If we independently draw $d$ times from Uniform distribution $\mathcal{U}[0, 1]$, the state-space of all possibilities correspond to the region $S$ in the following diagram (shown for $d=2$ and $d=3$):
Each point in the region has equal probability. The state-space where the sum of the two draw is less than $1$ is then given by the region $R$. The probability that the sum of the samples drawn is less than $1$ is then the volume of $R$ divided by the volume of $S$.
The region $S$ is nothing but a hypercube in $d$-dimensions where $d$ is the number of draws. For $d=2$, it is a square, for $d=3$ it is a cube and so on. Since each side of this hypercube has length $1$, the volume of $S$ is trivially $1$.
The region $R$ in $d$-dimensions is nothing but a standard $d-simplex$.
The volume of such a simplex can be shown to be $\frac{1}{d!}$.
We can easily verify this for a couple of dimensions.
\begin{align} Vol(2-simplex) &= \int_{x=0}^1 \int_{y=0}^{1-x} dx\ dy = 1/2! \\ Vol(3-simplex) &= \int_{x=0}^1 \int_{y=0}^{1-x} \int_{z=0}^{1-x-y} dx\ dy\ dz = 1/3! \end{align}
Let us now define the random variable whose expectation we require as $X$. In other words, $X=x$ means that we require $x$ draws from the distribution such that the cumulative sum of the draws is greater than or equal to $1$.
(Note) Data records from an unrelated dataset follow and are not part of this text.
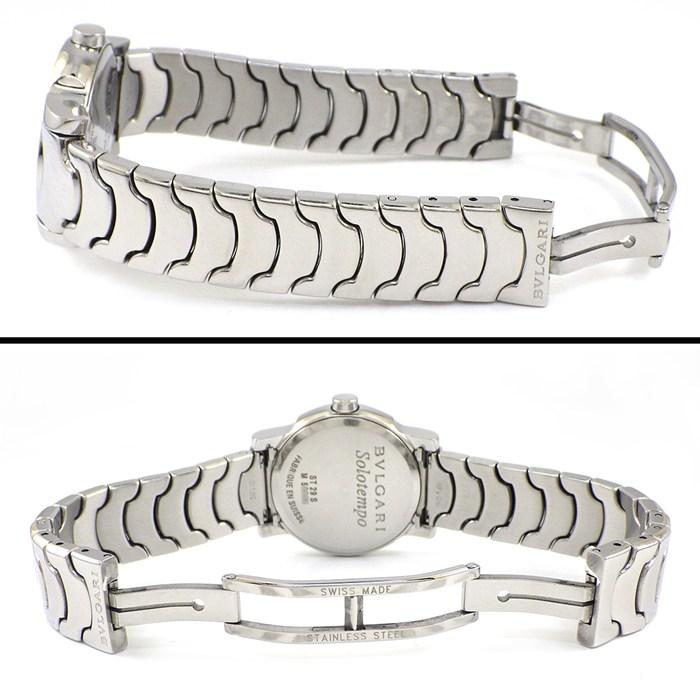 ブルガリ BVLGARI 腕時計 ソロテンポ ST29S デイト ブラック文字盤 SS クオーツアナログの画像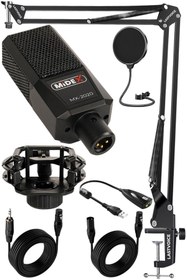 Resim Midex Mx-2020 Stf Stüdyo Kondenser Mikrofon Stand Filtre 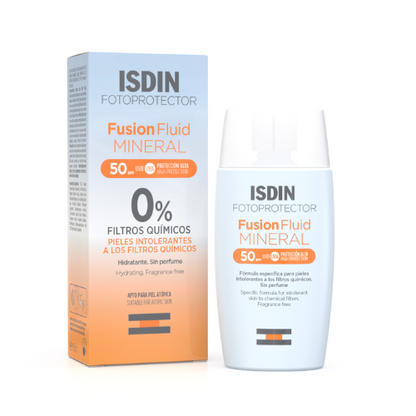 Isdin Fotoprotector Fusion Fluid Mineral Spf 50 1 Frasco 50 Ml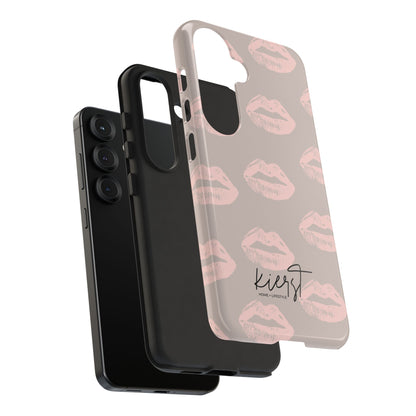 Pillow Talk–Inspired Lips on Oat Samsung Galaxy Case
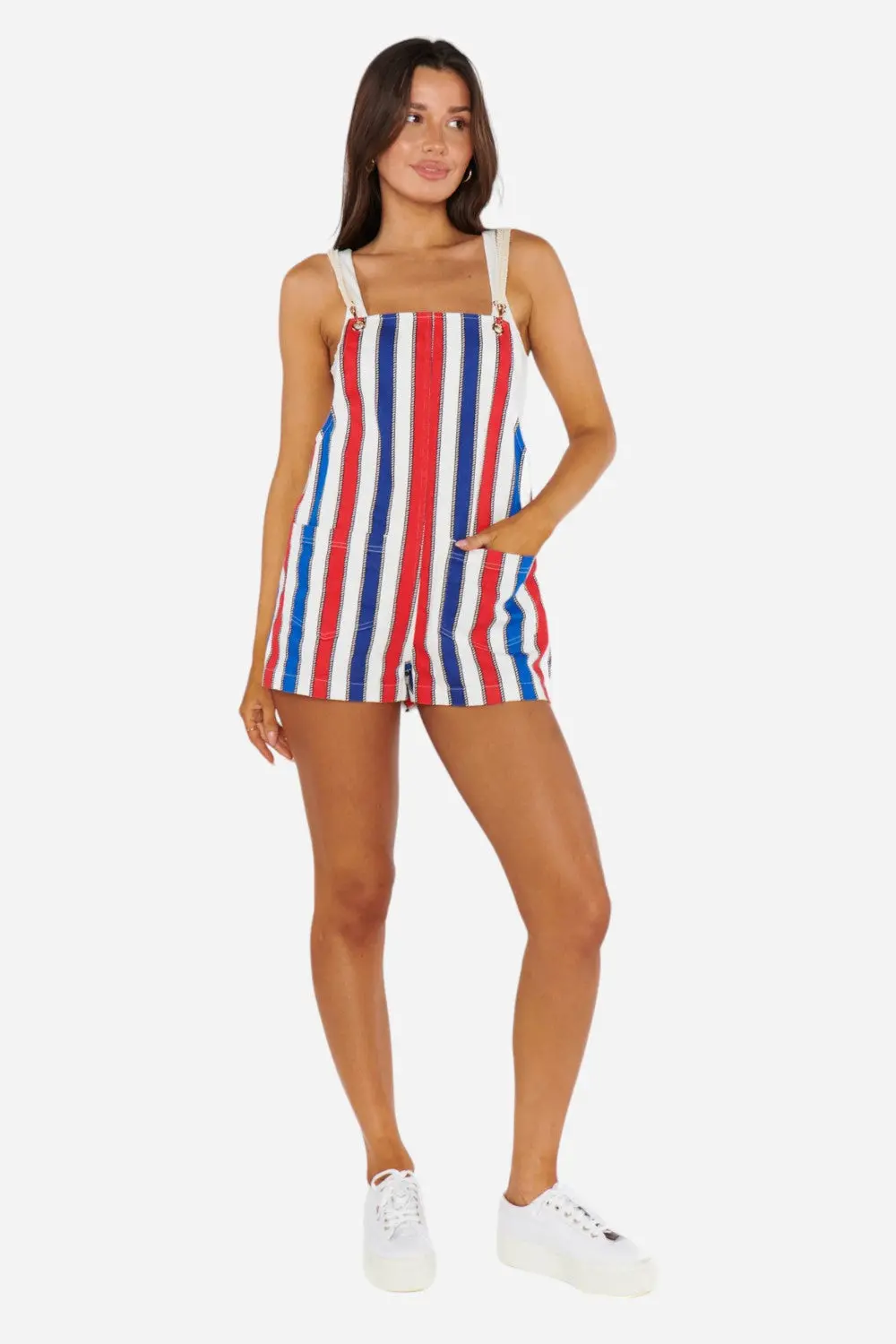 Show Me Your Mumu Trude Romper In Yacht Club 1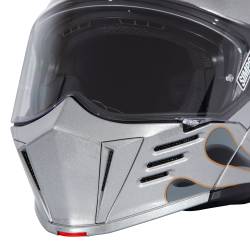 Simpson Motorcycle - Simpson Motorcycle M59WF2XL Mod Bandit X-Large Motorcycle Helmet Wildfire - Image 6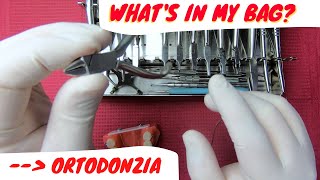 Whats in my bag pinze da ortodonzia [upl. by Whitten]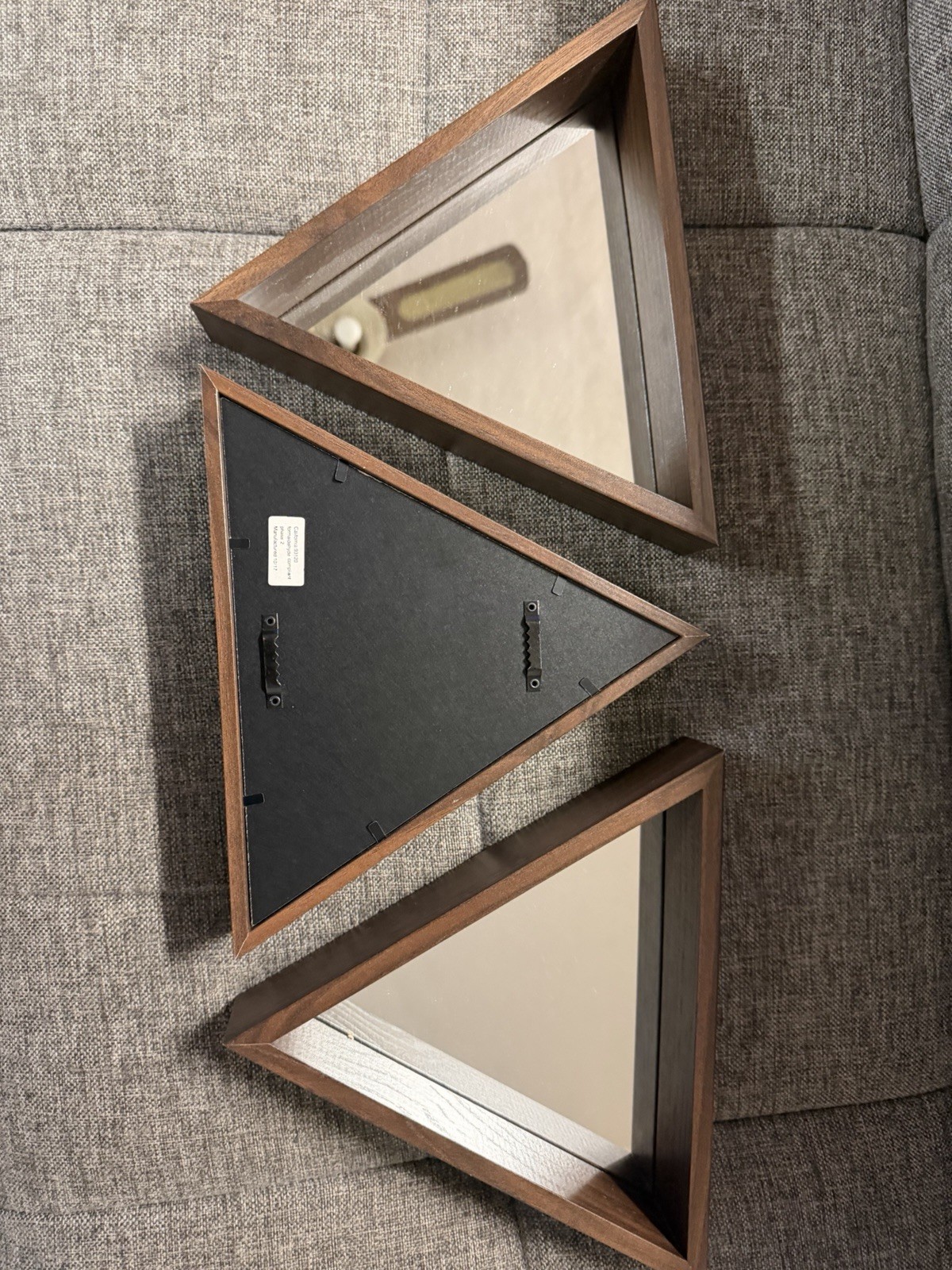 triangular wood frame small mirror gallery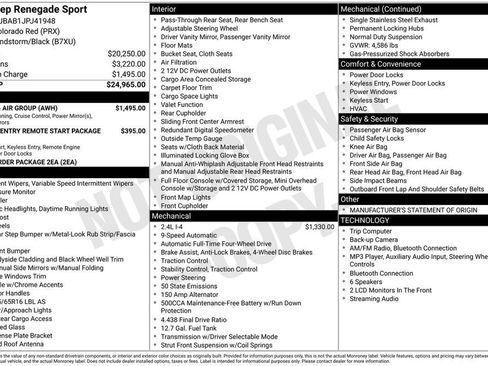 Used 2018 Jeep Renegade Sport w/ Power & Air Group AWD/4WD image 3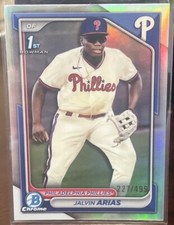 2024 Bowman Chrome Prospects Refractor Jalvin Arias /499 #BCP-226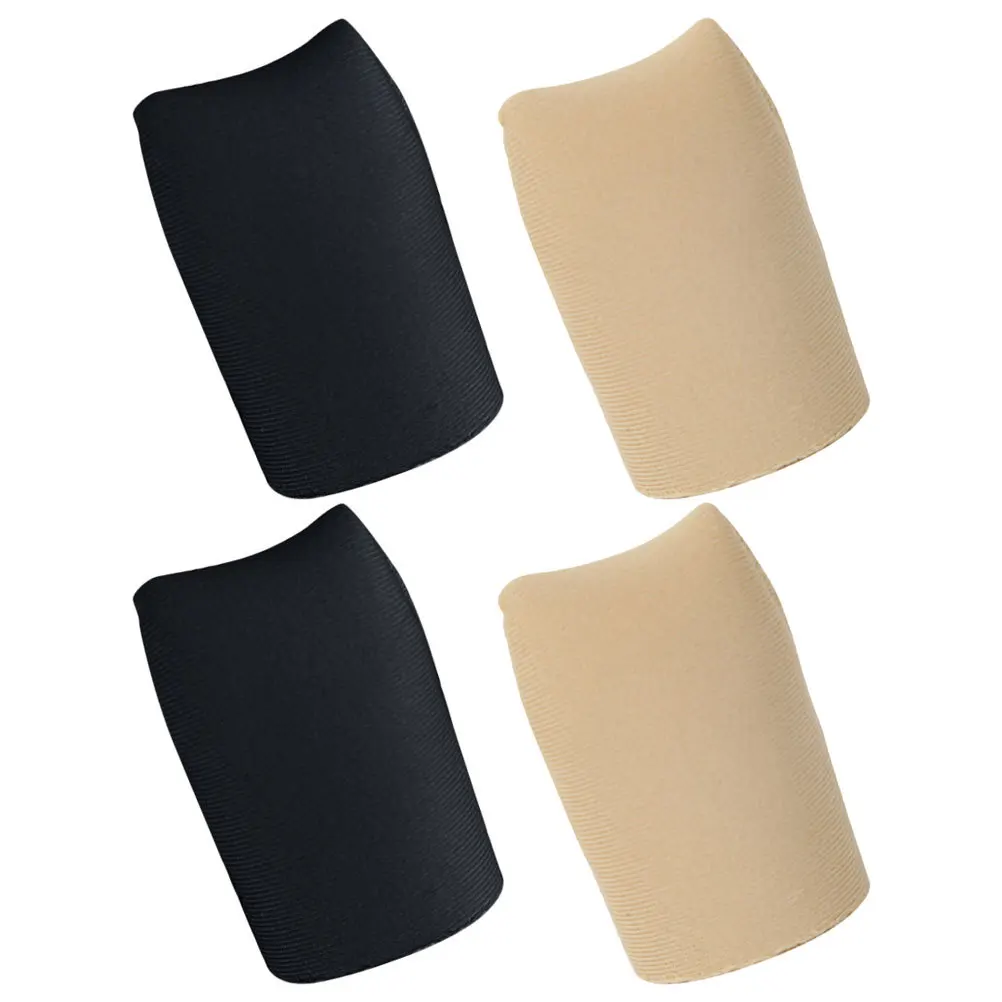 2 paia di protezioni per le dita dei piedi antiusura, foderate in silicone, copertura superiore chiusa per alleviare il dolore, maniche flessibili e traspiranti, confortevoli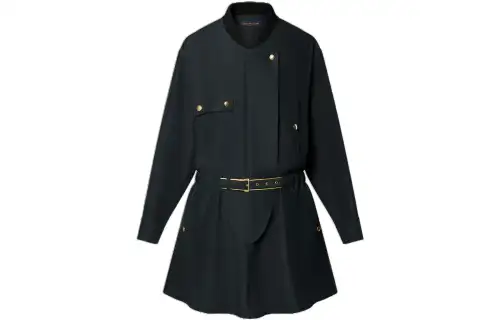 LOUIS VUITTON Biker-Detail Silk Dress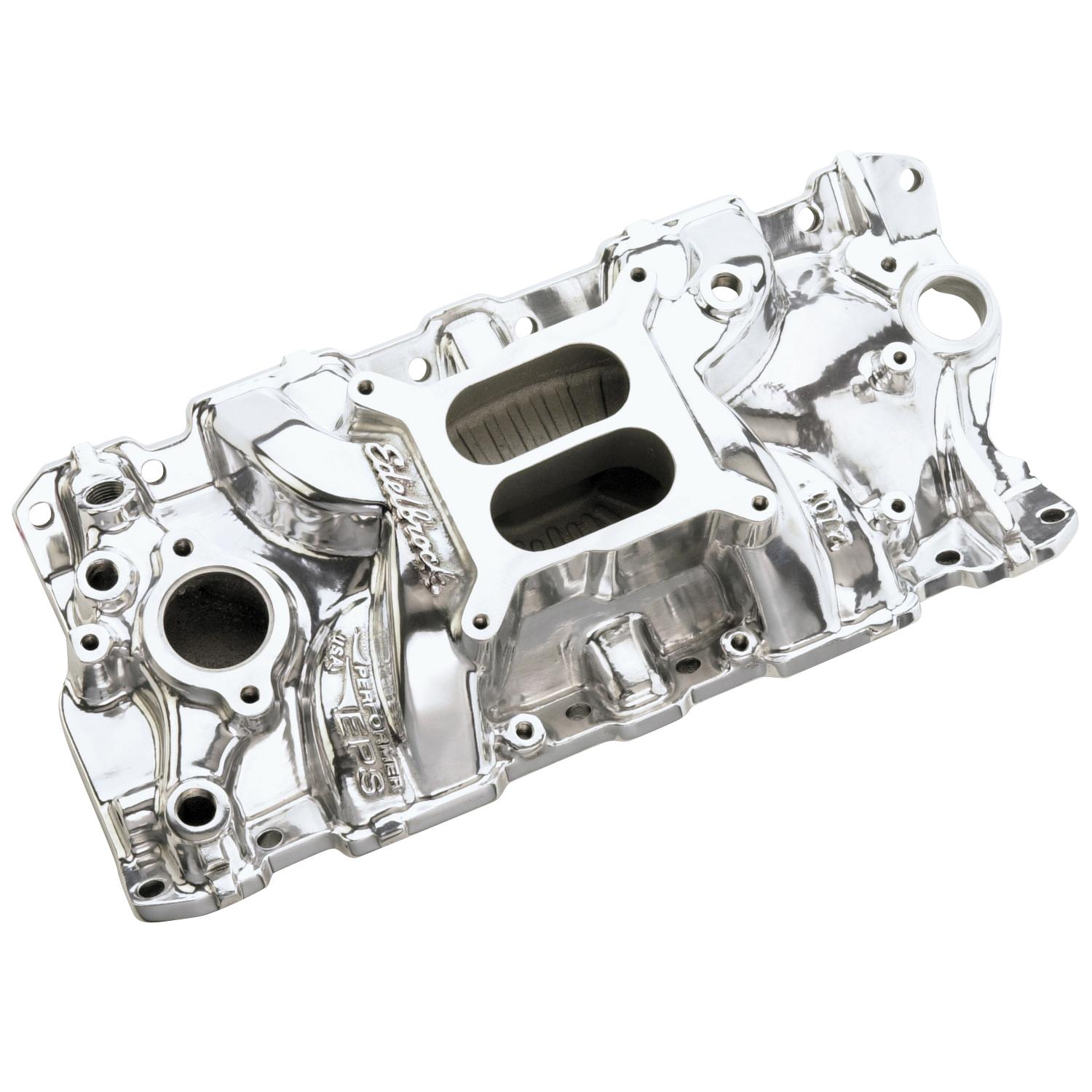 Edelbrock Polished Performer EPS SBC Intake Manfld - 27011
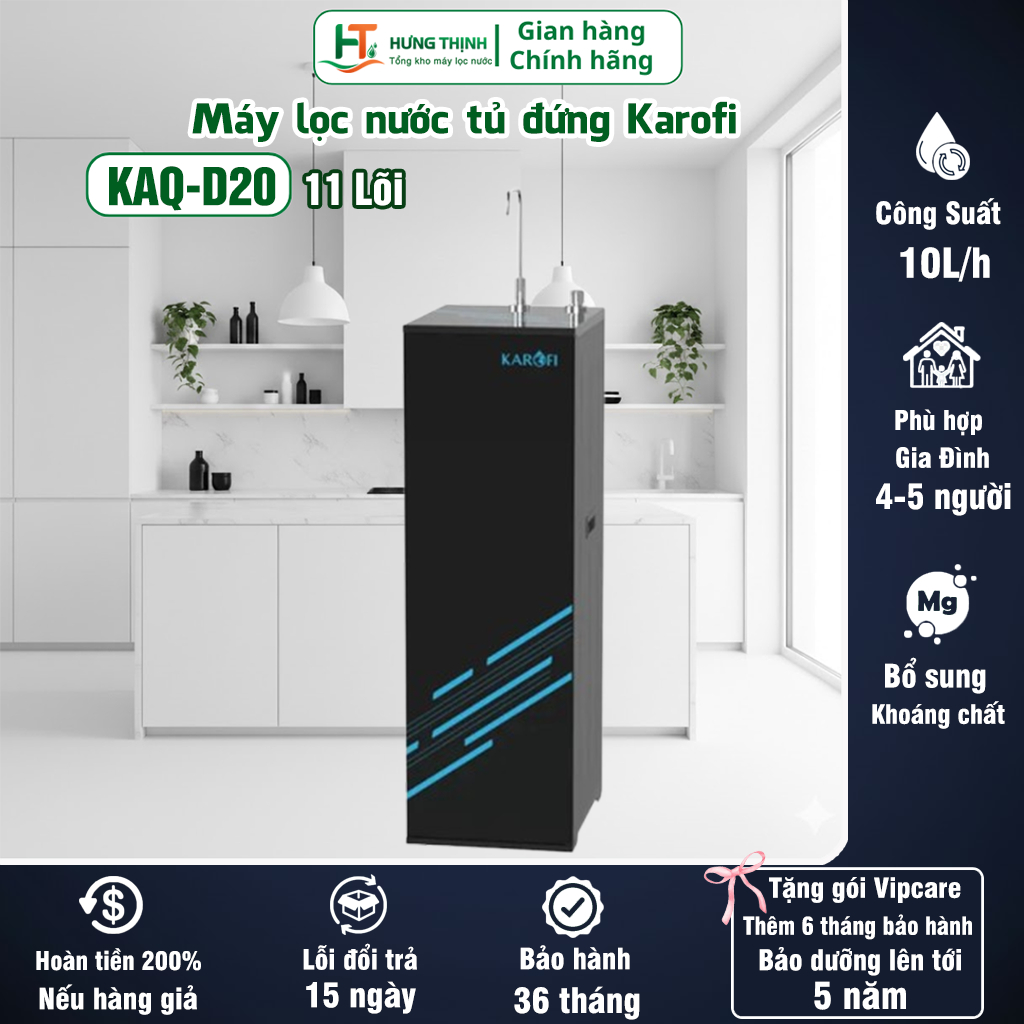 Máy Lọc Nước Karofi KAQ-D20 Lọc Sạch Vượt Trội – Tốt Chuẩn An Tâm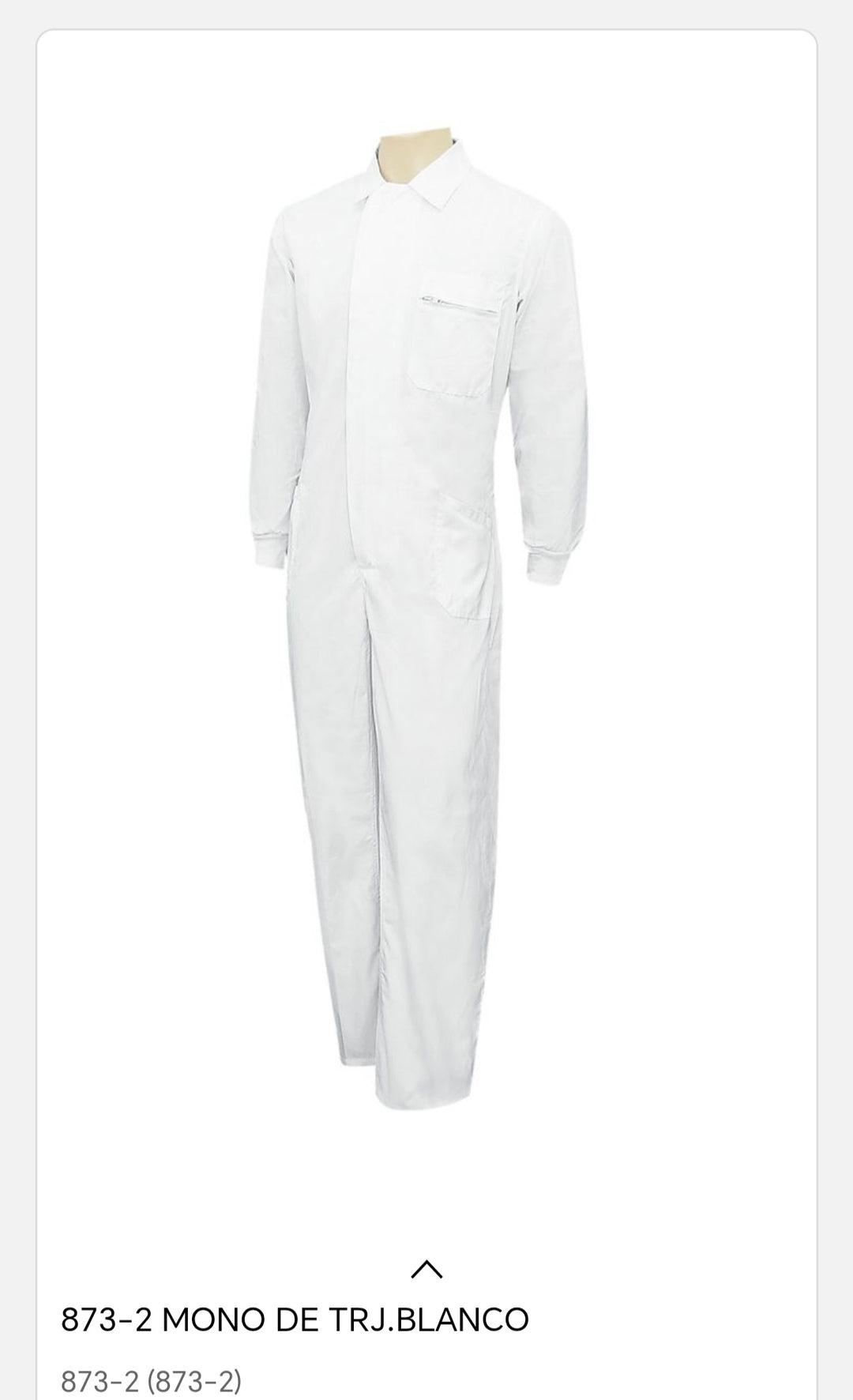 mono de trabajo blanco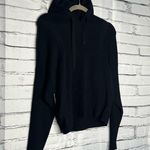 Cyrus Black Fleece Pullover Hoodie S Cozy Loungewear Soft Casual Top Knit Y2K Photo 0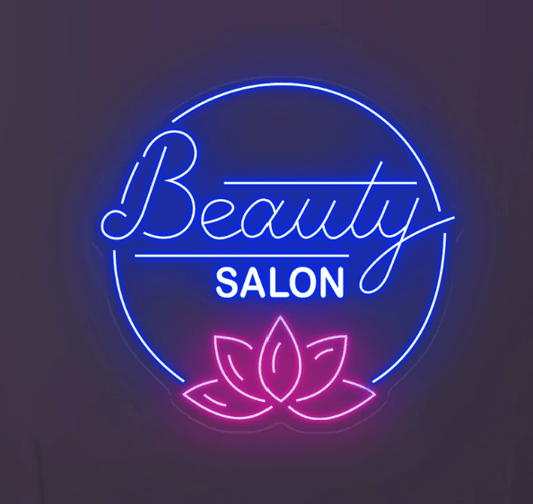 Beauty Saloon Logo Neon - Makkar & Brothers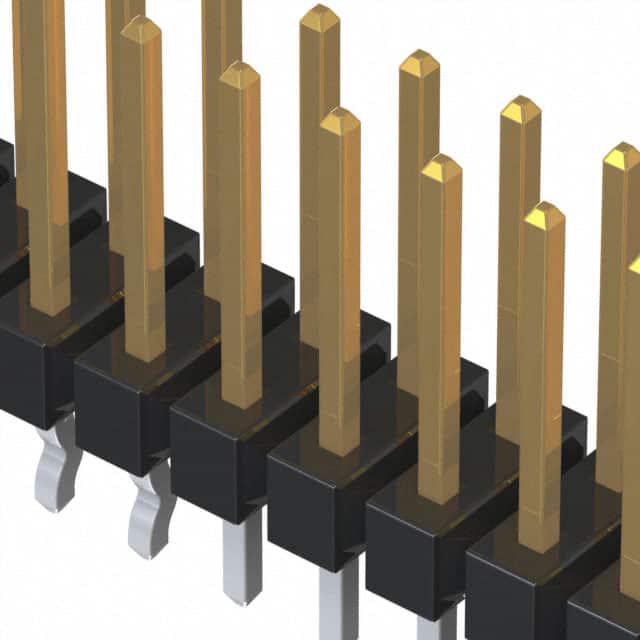 MOLEX 矩形连接器 - 针座 - 公插针 702871280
\[E[X] = \sum_{x=0}^\infty x\ P(X = x)\]Using the tail sum for expectation, we can write:
\[E[X] = \sum_{x=0}^\infty P(X > x)\]$P(X > x)$ means the probability that one requires more than $x$ draws to reach a sum greater than $1$. This can also be thought as the probability that in $x$ rolls, one obtained a sum less than $1$. Interestingly, this value is nothing but the volume of region $R$. Thus we have
\[E[X] = \sum_{x=0}^\infty P(X > x) = \sum_{x=0}^\infty \frac{1}{x!} = e \quad \quad (surprise!!!)\]Thus, the average number of draws required till the cumulative sum of the draws is greater than or equal to $1$ is $e$.